A trainer takes a horse for a jog Friday at Truro Raceway. The Bible Hill track's horsemen were given a two-week extension yesterday as talks to save the raceway continue. The track was originally slated to close after this Sunday's race card. Randi Beers - Special to the Truro Daily News
By Harry Sullivan
TRURO DAILY NEWS
TRURO – Harness racing at Truro Raceway has been assured for the next two weeks and plans are in the works for the facility’s long-term salvation.
“All is well as of right now. I feel probably 200 per cent better than I did yesterday,” said Steve Morton, president of both the Nova Scotia Harness Racing Industry (NSHRI) and the Truro Harness Horse Owner’s Association, following an emergency meeting held on Friday morning.
“We’re going to be able to race for the next two weeks,” he said, adding that trainers will also be able to continue to use the track for training purposes.
Horsemen were notified earlier this week by the Nova Scotia Provincial Exhibition Commission (NSPE), which owns the race track and related facilities, that racing would not be continued beyond Sunday because of a crippling financial situation. The commission earlier reported that it is approximately $1million in debt.

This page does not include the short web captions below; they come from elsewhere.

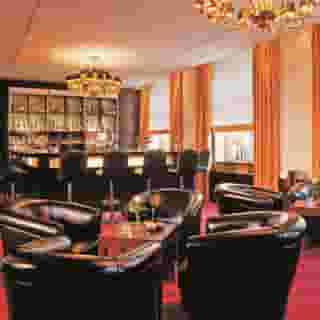 Metropolitan Hotel by Flemings, 2 of 5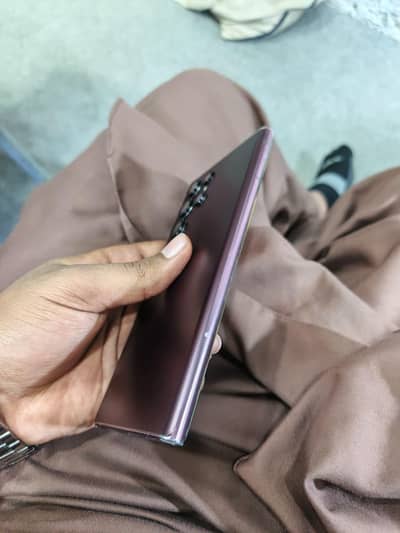 samsung s22 ulta 8/128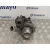Turbocompresor para Opel Vivaro Furgon/Combi (07.2006 =>)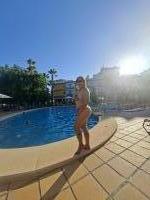 614191972: Chica busca chico en Alicante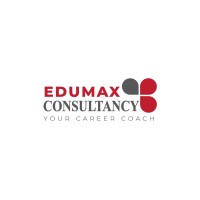 Edumax Consultancy logo - Similar company to Tigrac It Limited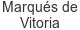 marques-de-vitoria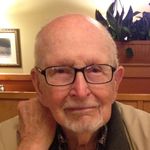 Bill Kays - @bill.kays - Instagram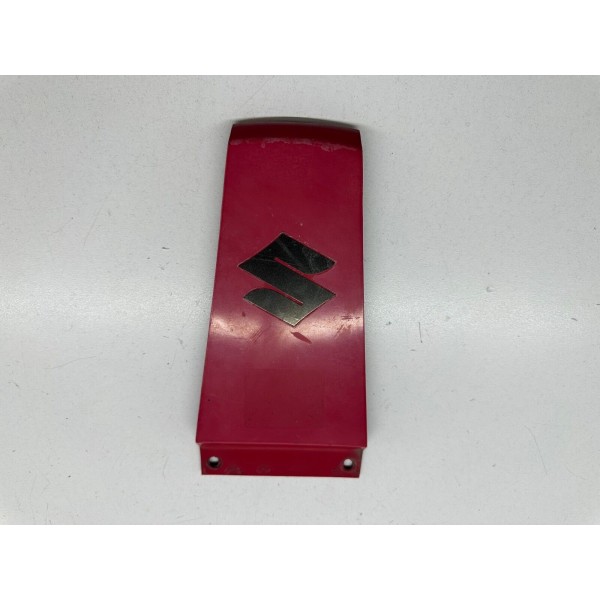 CARENA POSTERIORE FARO CODONE SUZUKI RF 600 R RF600 R 1993-1998 GN76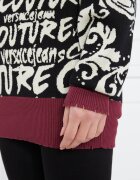 Versace Jeans Couture Pulover | Regular Fit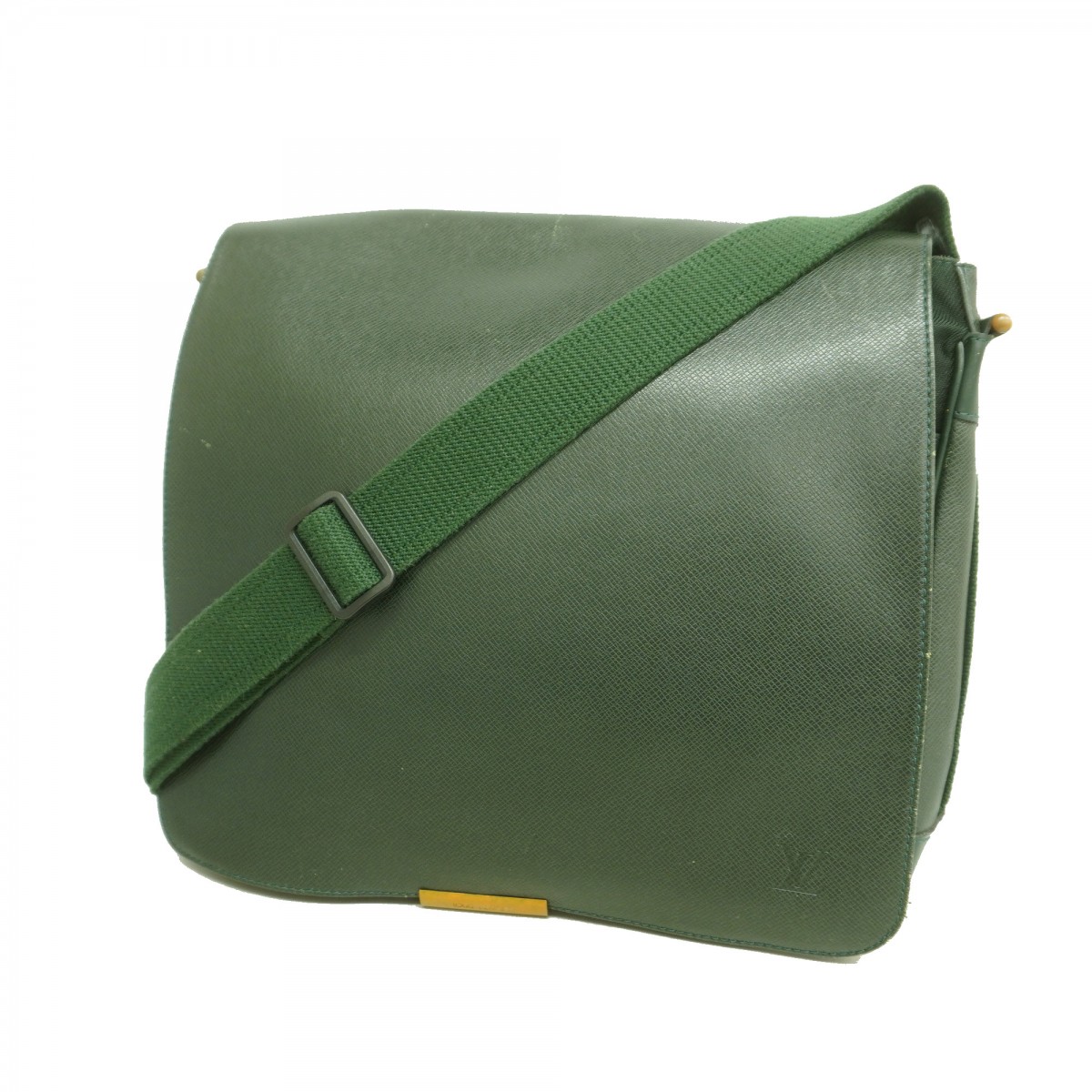 楽天市場】【バッグ】LOUIS VUITTON ルイ ヴィトン タイガ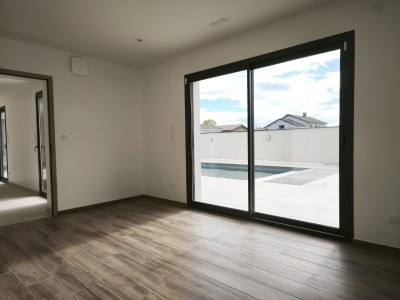 MAISON A VENDRE - ANDREZIEUX BOUTHEON - 229 m2 - 720000€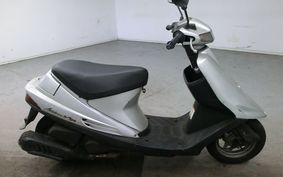 SUZUKI ADDRESS V100 CE13A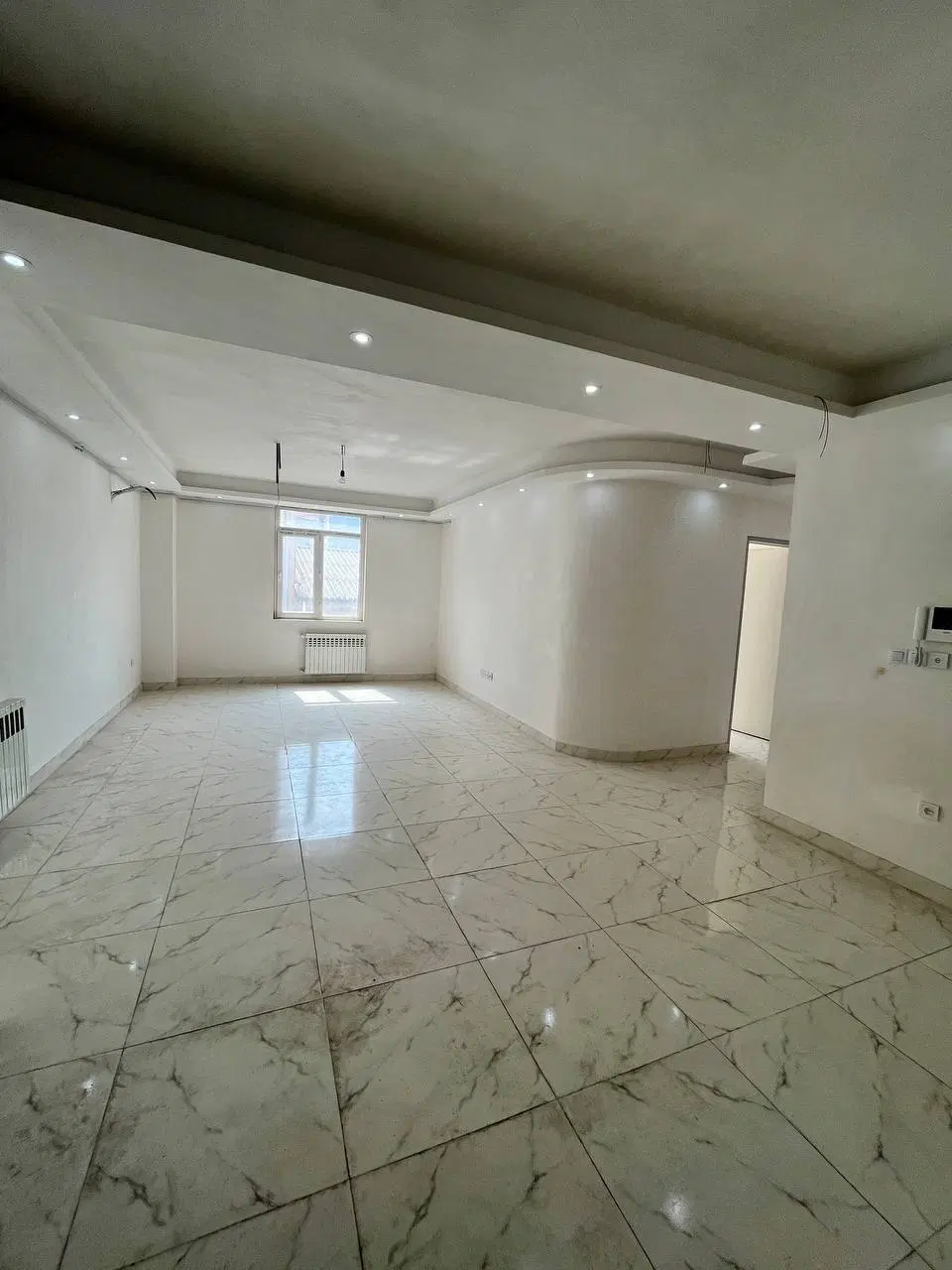 دیلمان ۹۵متری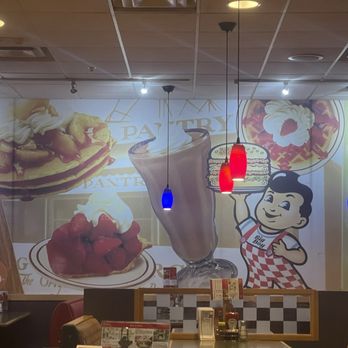 Bob's Big Boy - American Near Me - Norco, California Bob's Big Boy - American Near Me - Norco, California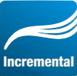 Incremental SRL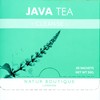 Natur Boutique Java Tea, 20 sachets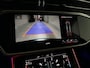 Audi A6 Avant 55 TFSI e Quattro Competition S-Line Edition Pano HUD Sfeer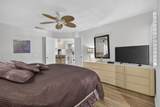 262 Brier Circle - Photo 14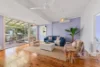 28 Inkerman Avenue, Blackwall, NSW 2256-Image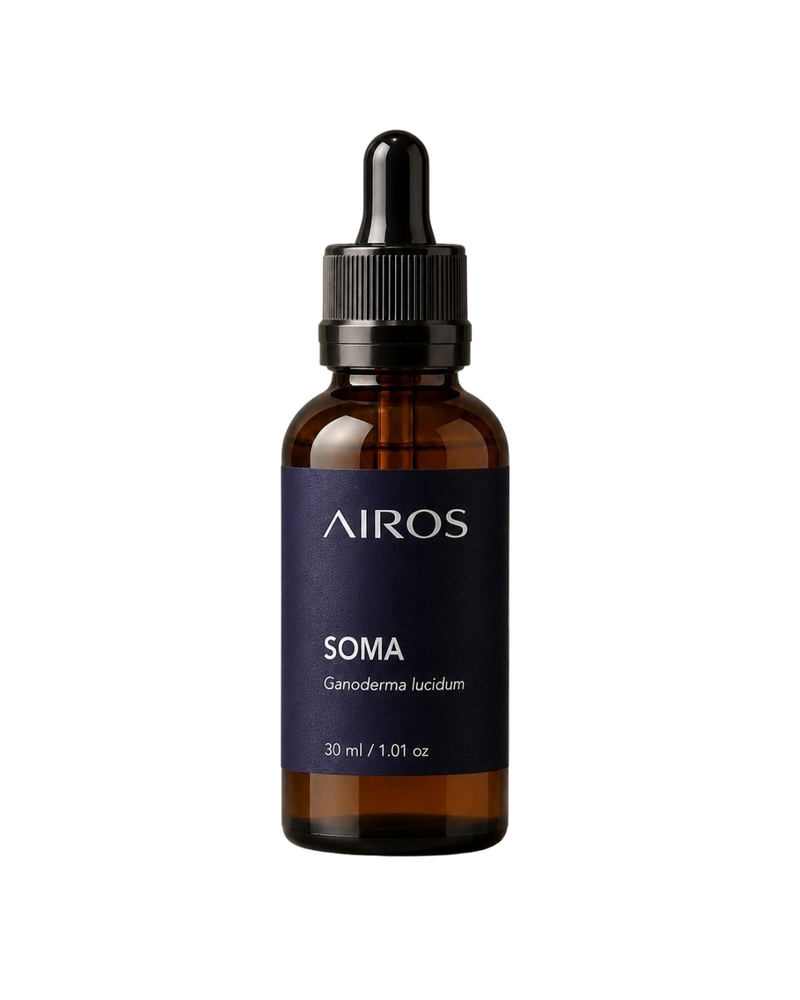 SOMA™ S–02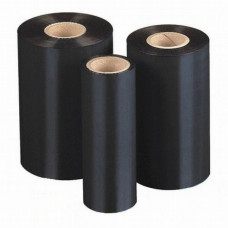 Thermal transfer ribbon 104mm x 300m  R180 OUT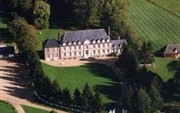 Chateau du Landel Hotel Bezancourt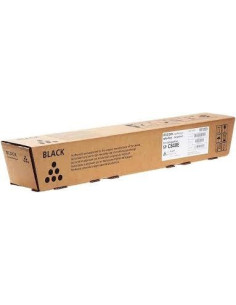RICOH TONER NEGRO SP C840E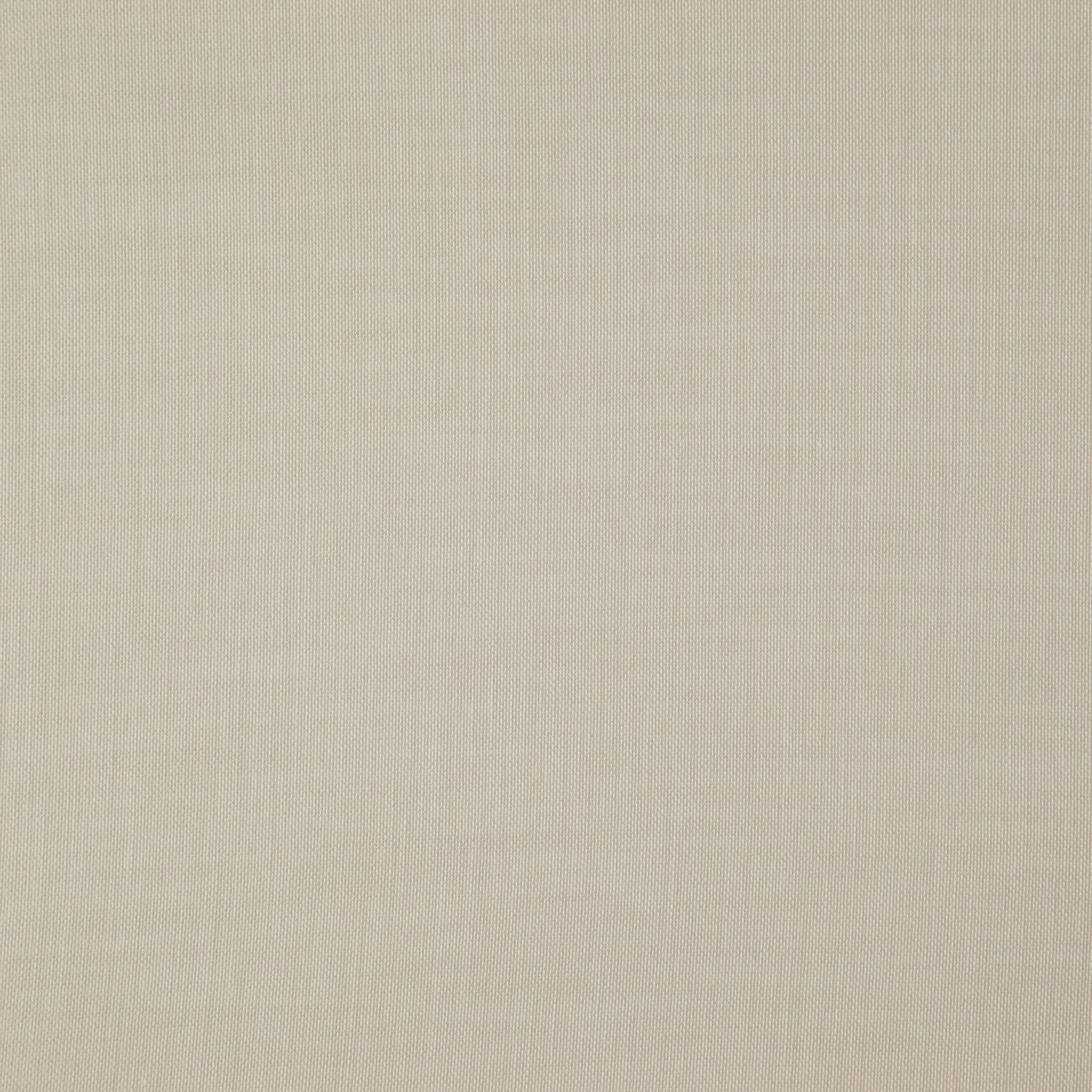 Flurry fabric in 91 color - pattern number Flurry91J7691 - by JF Fabrics in the Winning Windows Skyloft collection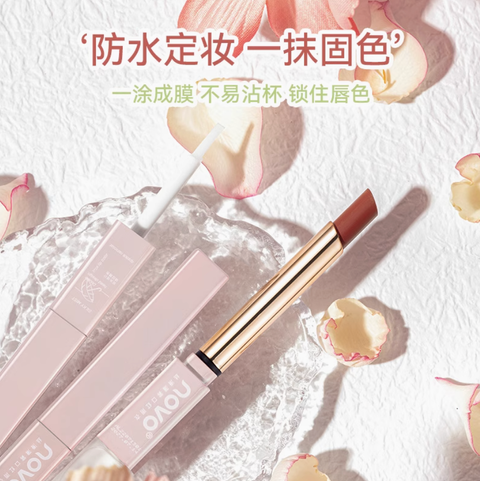 Screenshot 2025-07-24 at 4.11.31 PM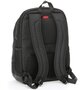 Бізнес рюкзак 25.3 л Hedgren Red Tag Backpack Glider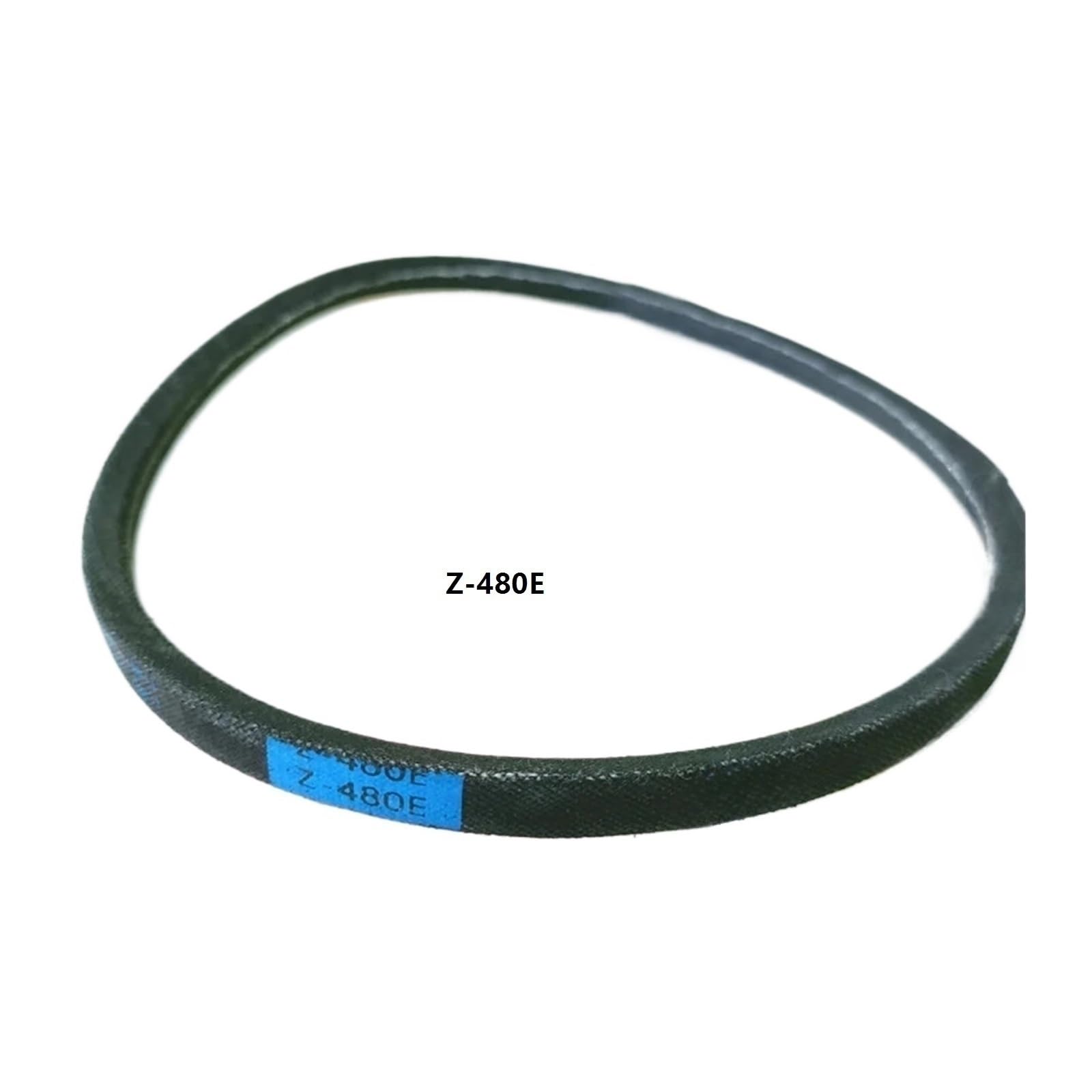 Amazon.com: Washing Machine Belts, Compatible For Z-460E Z-480E Z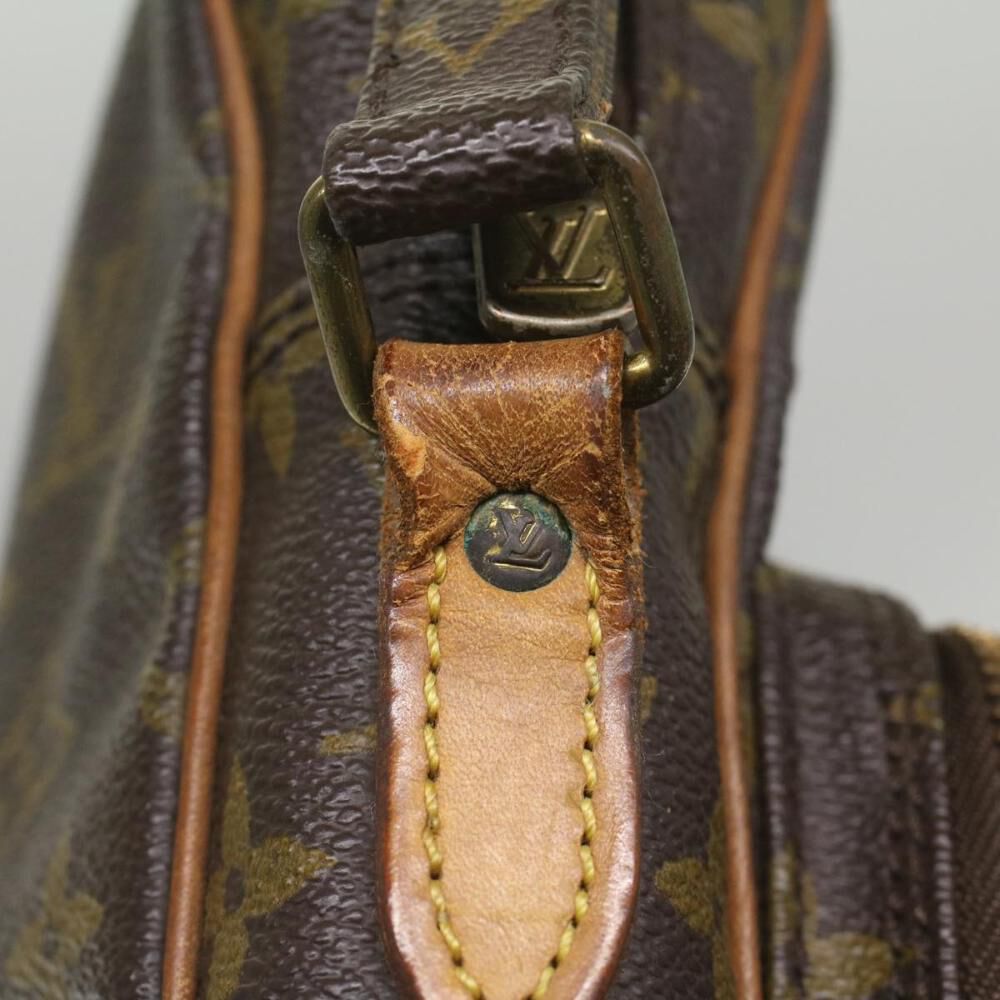 Louis Vuitton Amazone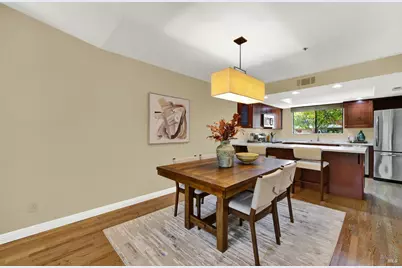 1629 San Vicente Avenue, Napa, CA 94558 - Photo 15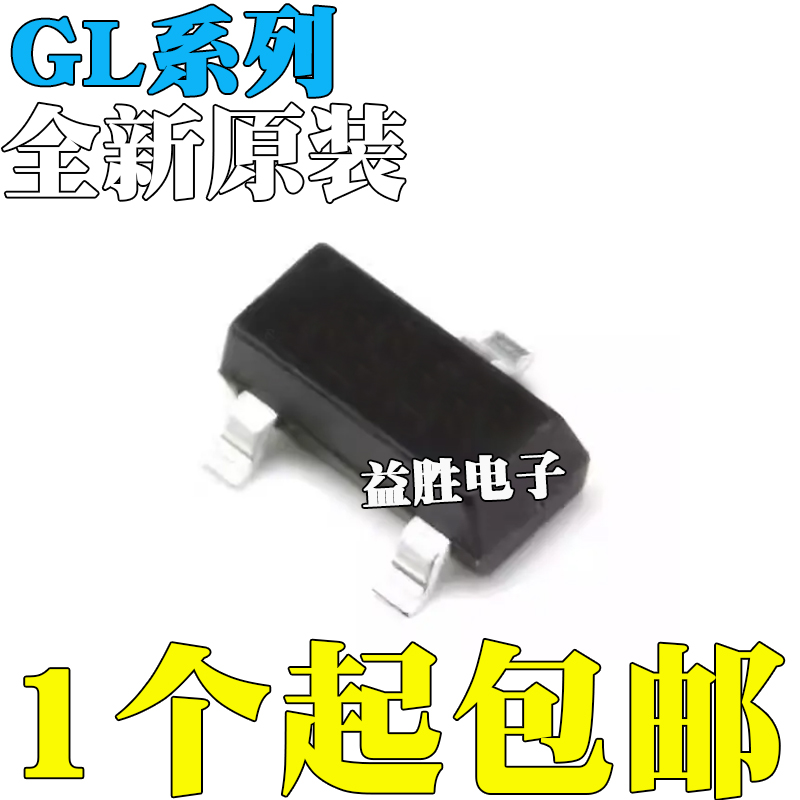 GL05T12T24T625080915T-E3-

Trainers were also notified that the electrical and water services to the stables would be shut down by Aug. 15 and the barns would have to be vacated. But Morton said that is no longer the case given that the NSHRI will be providing $100,000 to keep things operating in the short term.
As for whether Atlantic Grand Circuit Week activities will carry on as usual beginning July 21, however, has not been determined.
“We’ll be racing all the way through we just don’t know what menu it’s going to be,” Morton said. “We have to work all that out.”
Friday’s meeting consisted of Morton, local businessman Brent MacGrath (co-owner and former trainer of Somebeachsomewhere), Truro-Bible Hill MLA Lenore Zann, veteran trainer Danny Romo and two members of the NSPE commission.
Board member Laurie Jennings, who attended the session, said he is attempting to organize an emergency meeting of commission members for early next week and if all are in agreement with the proposal made yesterday, a group of prominent local businessmen led by MacGrath will be given leave to put together a business plan for a long-term solution for the facility.
“I can’t really comment that this is the solution and it will save it and we will be racing again, I’m not going to say that, but I’d like to think that it’s a possibility,” he said. “And I know there is potential there. I know with the right people with the right financing with a little bit of creativity and imagination with changing a whole lot of old habits – there’s lots of things we’ve done, just because that’s the way we’ve always done it.”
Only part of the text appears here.